Onde corte contro onde medie: quale lampada a infrarossi è effettivamente adatta per la vostra linea SMT?
Se state configurando una zona di riscaldamento per i PCB dei contatori intelligenti, probabilmente avrete capito che scegliere la lampada a infrarossi sbagliata può rovinare l’intero processo di riscaldamento.
Sia le lampade a onde corte che quelle a onde medie utilizzano vetro di quarzo. Abbiamo scelto il vetro di quarzo perché non si deforma quando la temperatura diventa elevata, e permette al calore di passare senza sprechi energetici. Ma qui finiscono le somiglianze tra le due tipologie di lampade.
Riscaldare esattamente dove serve
Le lampade a onde corte sono molto efficaci: riscaldano rapidamente e intensamente il substrato del PCB. Poiché operano a temperature elevate, l’energia penetra profondamente nel substrato stesso.
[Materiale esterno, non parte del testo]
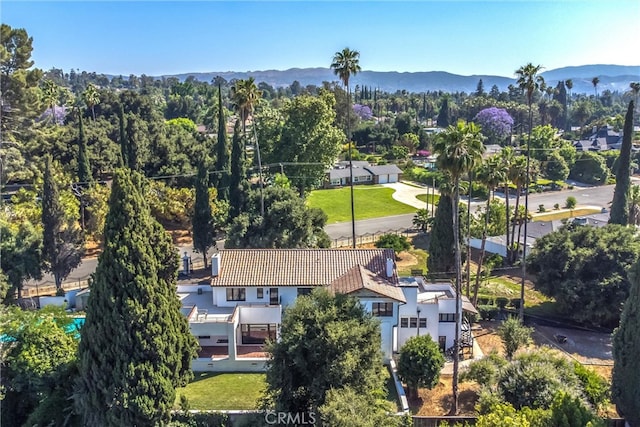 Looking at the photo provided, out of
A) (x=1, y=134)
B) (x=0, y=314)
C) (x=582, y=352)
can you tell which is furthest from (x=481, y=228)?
(x=1, y=134)

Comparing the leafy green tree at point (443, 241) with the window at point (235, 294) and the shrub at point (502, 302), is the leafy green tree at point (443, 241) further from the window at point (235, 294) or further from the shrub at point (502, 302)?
the window at point (235, 294)

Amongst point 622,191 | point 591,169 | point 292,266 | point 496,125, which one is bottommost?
point 292,266

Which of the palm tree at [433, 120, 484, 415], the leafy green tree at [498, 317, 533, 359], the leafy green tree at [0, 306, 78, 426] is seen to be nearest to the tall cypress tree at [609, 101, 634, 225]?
the leafy green tree at [498, 317, 533, 359]

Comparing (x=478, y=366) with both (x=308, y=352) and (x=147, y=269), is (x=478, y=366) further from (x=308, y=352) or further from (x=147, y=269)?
(x=147, y=269)

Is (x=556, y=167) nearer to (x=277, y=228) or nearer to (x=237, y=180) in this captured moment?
(x=237, y=180)

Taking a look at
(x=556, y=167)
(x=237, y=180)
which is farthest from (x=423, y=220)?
(x=556, y=167)

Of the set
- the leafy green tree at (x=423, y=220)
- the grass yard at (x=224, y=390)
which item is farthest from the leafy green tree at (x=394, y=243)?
the grass yard at (x=224, y=390) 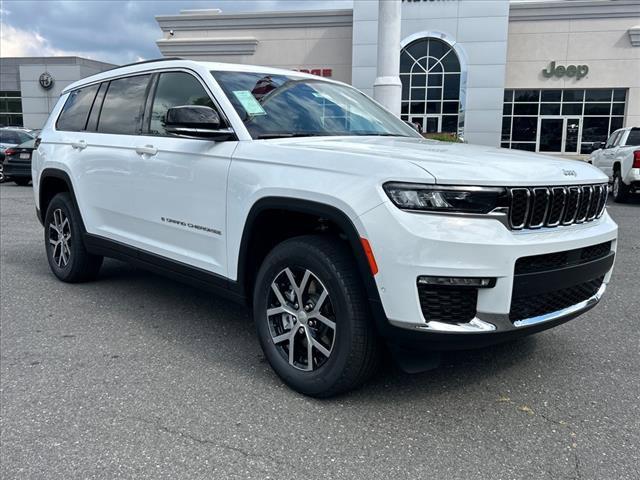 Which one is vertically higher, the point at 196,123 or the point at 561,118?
the point at 561,118

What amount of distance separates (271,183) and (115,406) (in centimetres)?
149

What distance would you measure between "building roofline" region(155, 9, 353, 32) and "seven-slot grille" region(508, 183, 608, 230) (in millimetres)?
31347

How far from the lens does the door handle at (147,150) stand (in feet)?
13.5

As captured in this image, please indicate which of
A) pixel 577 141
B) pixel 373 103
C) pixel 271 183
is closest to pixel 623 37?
pixel 577 141

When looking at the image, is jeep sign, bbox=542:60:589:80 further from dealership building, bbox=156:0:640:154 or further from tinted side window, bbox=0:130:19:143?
tinted side window, bbox=0:130:19:143

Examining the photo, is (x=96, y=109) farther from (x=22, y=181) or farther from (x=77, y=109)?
(x=22, y=181)

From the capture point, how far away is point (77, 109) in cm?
546

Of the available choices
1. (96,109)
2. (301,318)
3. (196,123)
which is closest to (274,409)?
(301,318)

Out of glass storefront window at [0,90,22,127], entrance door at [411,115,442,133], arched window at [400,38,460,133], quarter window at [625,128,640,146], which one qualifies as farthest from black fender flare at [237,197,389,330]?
glass storefront window at [0,90,22,127]

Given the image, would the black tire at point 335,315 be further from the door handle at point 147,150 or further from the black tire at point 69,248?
the black tire at point 69,248

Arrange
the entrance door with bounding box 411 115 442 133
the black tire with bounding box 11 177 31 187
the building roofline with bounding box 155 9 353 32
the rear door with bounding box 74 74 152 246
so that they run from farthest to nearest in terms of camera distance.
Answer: the building roofline with bounding box 155 9 353 32 → the entrance door with bounding box 411 115 442 133 → the black tire with bounding box 11 177 31 187 → the rear door with bounding box 74 74 152 246

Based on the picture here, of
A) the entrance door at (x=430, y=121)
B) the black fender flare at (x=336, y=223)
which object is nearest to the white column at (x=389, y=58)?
the entrance door at (x=430, y=121)

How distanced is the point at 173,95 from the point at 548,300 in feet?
9.58

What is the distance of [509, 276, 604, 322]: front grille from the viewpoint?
9.15 ft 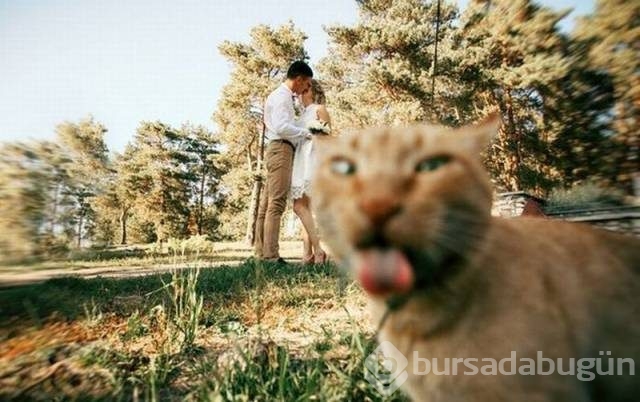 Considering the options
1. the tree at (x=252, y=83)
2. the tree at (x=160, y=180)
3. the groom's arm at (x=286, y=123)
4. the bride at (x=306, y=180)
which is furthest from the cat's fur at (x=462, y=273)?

Se avete a che fare con circuiti elettronici spessi o con componenti che assorbono facilmente il calore, utilizzate le lampade a onde corte. È il modo migliore per evitare che le giunzioni di saldatura diventino troppo fredde e quindi non funzionino correttamente in seguito.
Le lampade a onde medie, invece, forniscono un riscaldamento solo alla superficie del PCB. Questo permette un maggiore controllo sulla temperatura superficiale, il che è utile se temete che il circuito venga danneggiato dal calore eccessivo. Il problema è che queste lampade funzionano più lentamente; ci vorrà più tempo per raggiungere la temperatura desiderata.
Dettagli tecnici sui componenti hardware
Per questi tubi utilizziamo vetro di quarzo ad alta purezza, così da evitare che si rompano non appena inizia il ciclo di riscaldamento.
A seconda della disposizione del circuito, dovrete determinare con precisione la potenza necessaria per raggiungere la temperatura desiderata, senza esagerare né sottovalutare la potenza utilizzata.
Inoltre, verificate bene la fonte di alimentazione: se inviate troppa corrente in un tubo che non è progettato per sopportarla, il filamento si distruggerà in pochi giorni. Controllate anche i connettori: devono essere in grado di resistere al calore, altrimenti il contenitore in cui si trovano potrebbe fondersi.
La realtà pratica
Nessuna lampada è davvero “pronta all’uso” fin da subito. Le lampade a onde corte producono una grande quantità di energia; a volte addirittura troppa. Potreste riscontrare situazioni in cui la superficie del PCB diventa estremamente calda prima ancora che la parte inferiore del PCB venga riscaldata. Dovrete quindi regolare l’altezza della lampada e la velocità del nastro trasportatore per trovare il giusto equilibrio.
Inoltre, tenete d’occhio i ventilatori di raffreddamento: se non sono in grado di svolgere correttamente il loro compito, il calore all’interno dell’ambiente di lavorazione aumenterà. Una volta che ciò accade, la stabilità termica del circuito andrà persa.